01 — Implement & Manage an Analytics Solution

Official Exam Weight: 30–35% 📁 ← Back to Home


🗺 Domain Overview

mindmap
  root((Implement & Manage))
    1.1 Workspace Settings
      Spark Settings
      Domain Settings
      OneLake Settings
      Dataflow Gen2 Settings
    1.2 Lifecycle Management
      Version Control
      Database Projects
      Deployment Pipelines
    1.3 Security & Governance
      Workspace Access Controls
      Item-Level Access
      Row-Level Security
      Column-Level Security
      Object-Level Security
      Folder/File-Level Security
      Dynamic Data Masking
      Sensitivity Labels
      Endorsement
      Audit Logs
      OneLake Security
    1.4 Orchestration
      Dataflow Gen2 vs Pipeline vs Notebook
      Schedules & Event Triggers
      Orchestration Patterns
      Parameters & Dynamic Expressions

⚙️ 1.1 Configure Microsoft Fabric Workspace Settings

Spark Workspace Settings

Setting Description Impact
Default runtime Spark runtime version (e.g., Runtime 1.2, 1.3) Determines Spark, Python, R, Delta Lake versions
Starter pools Pre-warmed Spark pools for fast start Reduces cold start from ~3 min to ~15 sec
Custom pools Configure node size, autoscale, dynamic allocation Control compute for specific workloads
Environment Attach libraries, Spark properties, resource files Consistent dependencies across notebooks
Native execution engine Hardware-accelerated Spark execution Up to 4x faster for supported operations
High concurrency mode Share Spark sessions across notebooks Saves CU consumption when multiple users work simultaneously
Automatic log retention Spark logs and event log retention Debugging and monitoring
flowchart TD
    WS["📁 Fabric Workspace"] --> SPARK["⚙️ Spark Settings"]
    SPARK --> POOL["🏊 Pool Configuration"]
    POOL --> STARTER["Starter Pool\n(Pre-warmed, fast start)"]
    POOL --> CUSTOM["Custom Pool\n(User-defined size)"]
    SPARK --> ENV["📦 Environment"]
    ENV --> LIBS["Libraries\n(PyPI, Conda, .whl, .jar)"]
    ENV --> PROPS["Spark Properties\n(spark.conf settings)"]
    SPARK --> RUNTIME["🔧 Runtime Version"]

Exam Caveat ⚠️:

  • Starter pools provide fast notebook start times but consume CUs even when idle
  • Environments can be shared across multiple notebooks within a workspace
  • The native execution engine does not support all Spark operations — unsupported ops fall back to standard Spark

Domain Workspace Settings

Domains in Fabric are a way to group workspaces by business area (e.g., Finance, Marketing, Engineering).

Feature Description
Domain assignment Assign a workspace to a specific domain
Domain roles Domain admins, domain contributors
Data governance Policies and endorsement can be applied at domain level
Discovery Users can discover workspaces within their domain in the data hub

OneLake Workspace Settings

Setting Description
OneLake data access Control whether OneLake data can be accessed via ADLS Gen2 APIs
Users can only access data via Fabric items Restrict direct OneLake access — force access through Fabric items

Exam Caveat ⚠️: When “Users can only access data via Fabric items” is enabled, external tools that connect via ADLS Gen2 APIs (like Azure Storage Explorer) will be blocked.

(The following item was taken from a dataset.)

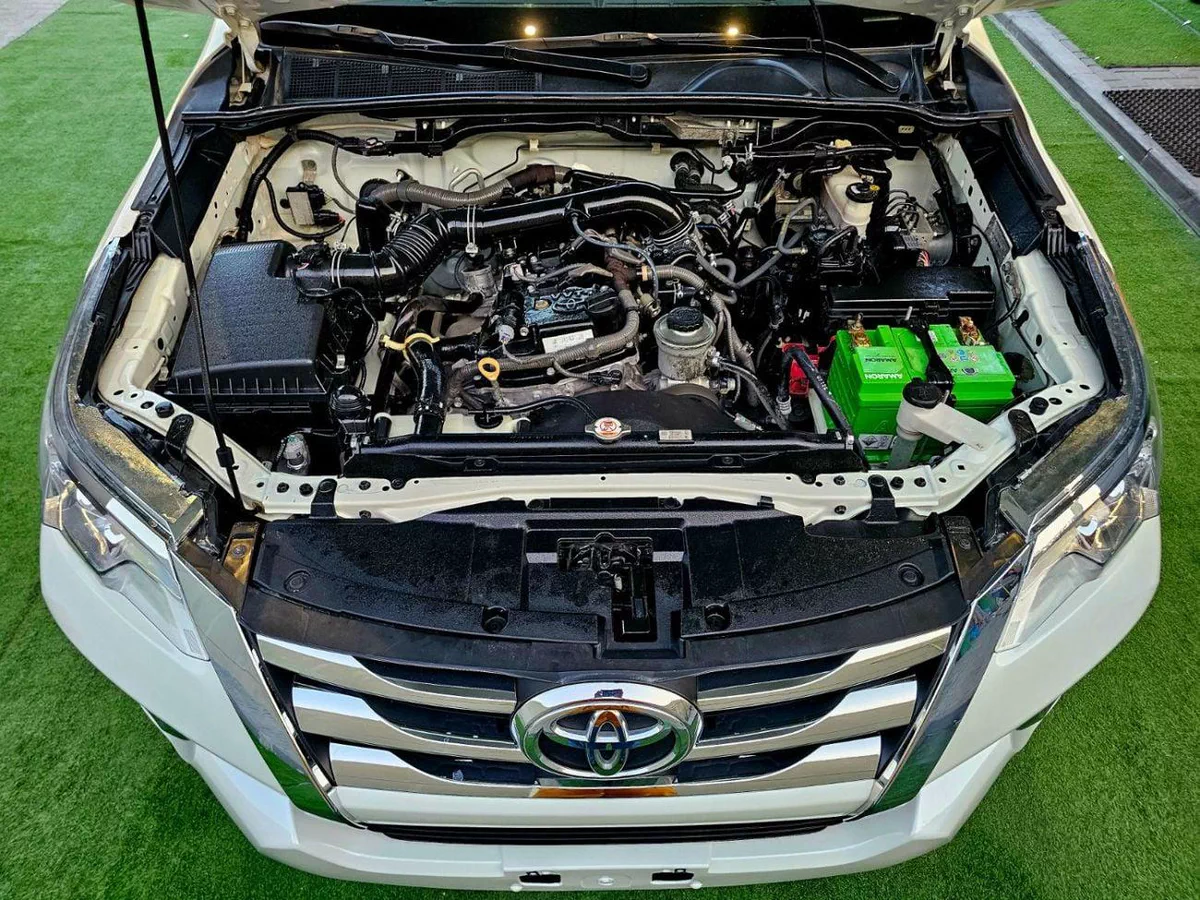 Toyota Fortuner EXR FORTUNER EXR/ V4 2.7 L/ LOW MILEAGE/ SUPER CLEAN-12-0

Dataflow Gen2 Workspace Settings

Setting Description
Data destination defaults Default Lakehouse or Warehouse for Dataflow Gen2 outputs
Staging Lakehouse Workspace-level staging Lakehouse for Dataflow Gen2 processing

🔄 1.2 Implement Lifecycle Management in Fabric

Version Control (Git Integration)

Fabric supports Git integration for version-controlling workspace items.

flowchart LR
    WS["📁 Fabric Workspace"] <-->|"Sync"| REPO["🔧 Git Repository\n(Azure DevOps or GitHub)"]
    REPO --> BRANCH["🌿 Branches\n(Feature branches,\nPR workflow)"]
    BRANCH --> MERGE["🔀 Merge / PR\n(Code review)"]
    MERGE --> MAIN["✅ Main Branch\n(Production-ready)"]

Supported Git providers:

Provider Support
Azure DevOps Fully supported
GitHub Fully supported
Other Git Not supported natively

Items that support Git integration:

Item Git Support
Notebooks
Spark Job Definitions
Pipelines
Semantic Models
Reports
Lakehouses (metadata)
Warehouses (metadata)
Dataflow Gen2
Environments

Exam Caveat ⚠️:

  • Git integration syncs item definitions (metadata), not the data itself
  • Each workspace connects to one branch at a time — you switch branches at workspace level
  • Conflicts must be resolved before syncing

Database Projects

Database projects provide a code-first, schema-as-code approach for managing Warehouse schemas.

Feature Description
SQL project Version-controlled set of SQL scripts defining schema
Schema compare Compare project schema vs deployed warehouse
Publish Deploy schema changes from project to warehouse
IDE support VS Code with SQL Database Projects extension

Deployment Pipelines

Deployment pipelines enable CI/CD for Fabric — promoting items across environments.

flowchart LR
    DEV["🟢 Development\n(Workspace)"] -->|Deploy| TEST["🟡 Test\n(Workspace)"]
    TEST -->|Deploy| PROD["🔴 Production\n(Workspace)"]
Feature Description
Stages Up to 10 stages (typically: Dev → Test → Prod)
Deployment rules Override data sources, parameters per stage
Selective deployment Deploy individual items or all items
Auto-binding Deployed items maintain relationships
Comparison view See differences between stages before deploying

Exam Caveat ⚠️:

  • Deployment pipelines deploy item definitions, not data
  • You need at least Contributor on both source and target workspaces
  • Deployment pipelines and Git integration can be used together — Git for code versioning, pipelines for environment promotion

🔒 1.3 Configure Security & Governance

Security Layers in Fabric

graph TD
    TENANT["🏢 Tenant-Level\n(Admin portal settings)"] --> WS["📁 Workspace-Level\n(Roles: Admin, Member,\nContributor, Viewer)"]
    WS --> ITEM["📄 Item-Level\n(Share / Permissions per item)"]
    ITEM --> DATA["📊 Data-Level Security"]
    DATA --> RLS["🔐 Row-Level Security (RLS)"]
    DATA --> CLS["🔐 Column-Level Security (CLS)"]
    DATA --> OLS["🔐 Object-Level Security (OLS)"]
    DATA --> FLS["📁 Folder/File-Level Security"]
    DATA --> DDM["🎭 Dynamic Data Masking"]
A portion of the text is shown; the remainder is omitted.